Keeping in view the numerous therapeutic options for bone disease already available and those under development, it is prudent to characterize this condition in order to give these patients a better chance of survival. The medical fraternity around the world has recognized this and has started characterizing the disorder. In various international studies, the overall incidence has varied from 11% to 48%, with a fracture rate of 3%-44%. This has not been studied extensively in the Indian population.
The study was performed on 72 Indian patients with cirrhosis. The group consisted of 63 men and nine women with a median age of 45 years (43.1 ± 7.4, range 22-50 years). Twenty-five patients had hepatitis B (22 men and 3 women), 10 had hepatitis C (5 men and 5 women), and 37 had alcoholic cirrhosis (36 men and 1 woman). A diagnosis of cirrhosis was confirmed histologically or clinically if biopsy was not available. A clinical diagnosis was established in patients who demonstrated a Child-Pugh index > 6 or ultrasound findings suggestive of cirrhosis (the presence of at least two of the findings of nodular irregular surface, distorted vascular pattern, or ascites). Signs of portal hypertension (endoscopically proven esophageal varices or dilated portal venous system with ultrasonography) were taken as additional corroborative evidence. The etiology of post-viral cirrhosis was proven if any of the serological markers were positive [hepatitis B surface antigen by ELISA, anti-hepatitis C virus (HCV) by third generation ELISA, or HCV RNA]. Diagnosis of alcoholic cirrhosis was made with a positive answer to more than one question in the CAGE questionnaire and a previous history of alcohol intake of > 80 g/d in men and > 40 g/d in women for > 10 years. An aspartate aminotransferase to alanine aminotransferase (AST/ALT) ratio of > 1.5 was taken as corroborative evidence. We selected only patients who had abstained from alcohol for > 3 mo prior to the study.
All patients with acute exacerbation or flair of disease (suggested by a bilirubin concentration > 5 mg/dL, AST > 2.5 times the upper limit of normal, leukocytosis > 10 000/mm3, or diagnostic lesions of hepatitis on biopsy) and those with recent gastrointestinal bleeding were excluded. Patients with serum creatinine levels > 1.4 mg/dL were excluded, as were those with any form of acute illness.
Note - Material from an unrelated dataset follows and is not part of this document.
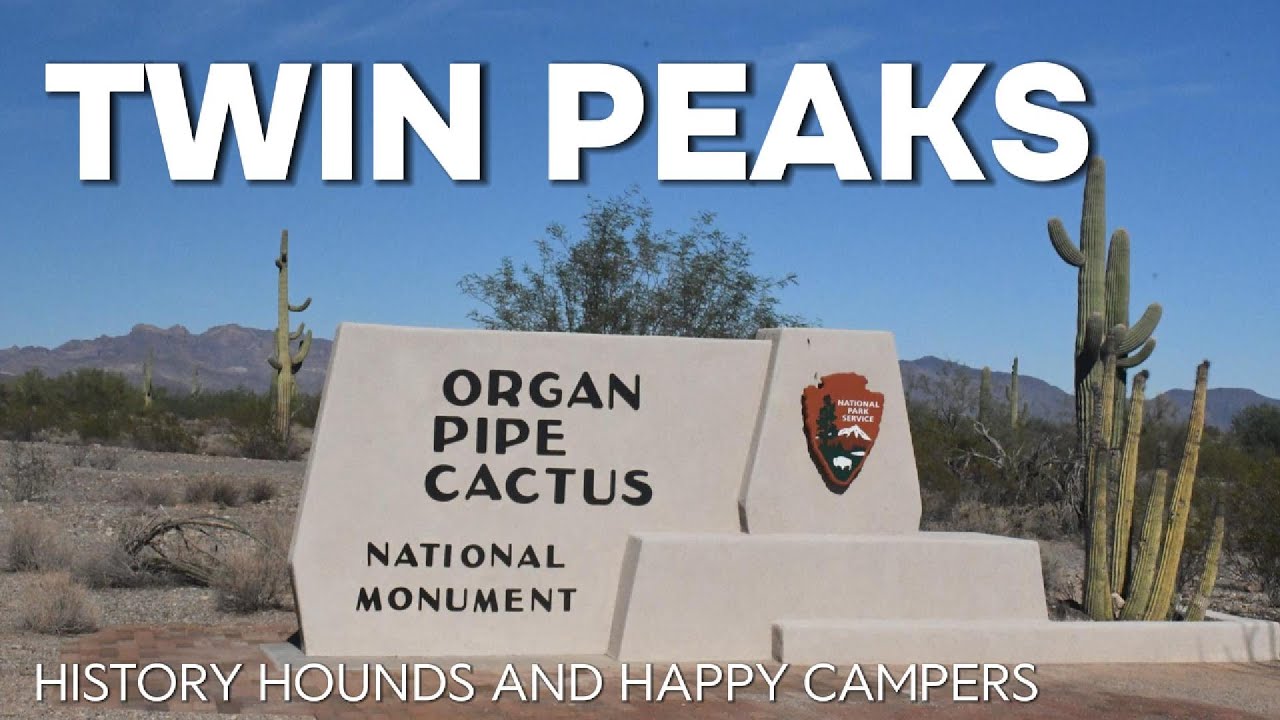 Organ Pipe Cactus TRUTH: Twin Peaks Campground Review (Border Safety & Dry Camping Guide)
None of the patients had a previous history of chronic disorders associated with changes in mineral metabolism (thyroid disorders, parathyroid disorders, Cushing’s syndrome, diabetes, immobilization in the past, or renal failure). None had a family history of osteoporosis, nor did they receive calcium, vitamin D or any medication which may have influenced bone metabolism (corticosteroids, hormone replacement therapy, calcitonin, bisphosphonates, cytotoxics, antimetabolites, anticoagulants, anticonvulsants, thyroxine, interferon or lamivudine). Nineteen patients were receiving spironolactone and 14 were receiving spironolactone and furosemide. Patients with major sclerosis of the aorta, osteophytes, or scoliosis on X- ray, which precluded accurate measurements of lumbar bone mineral density (BMD) by dual energy X ray absorptiometry (DXA), and those who had the criteria for more than one etiology of chronic liver disease were also excluded. All patients signed informed consent and the protocol was approved by the institutional ethics committee.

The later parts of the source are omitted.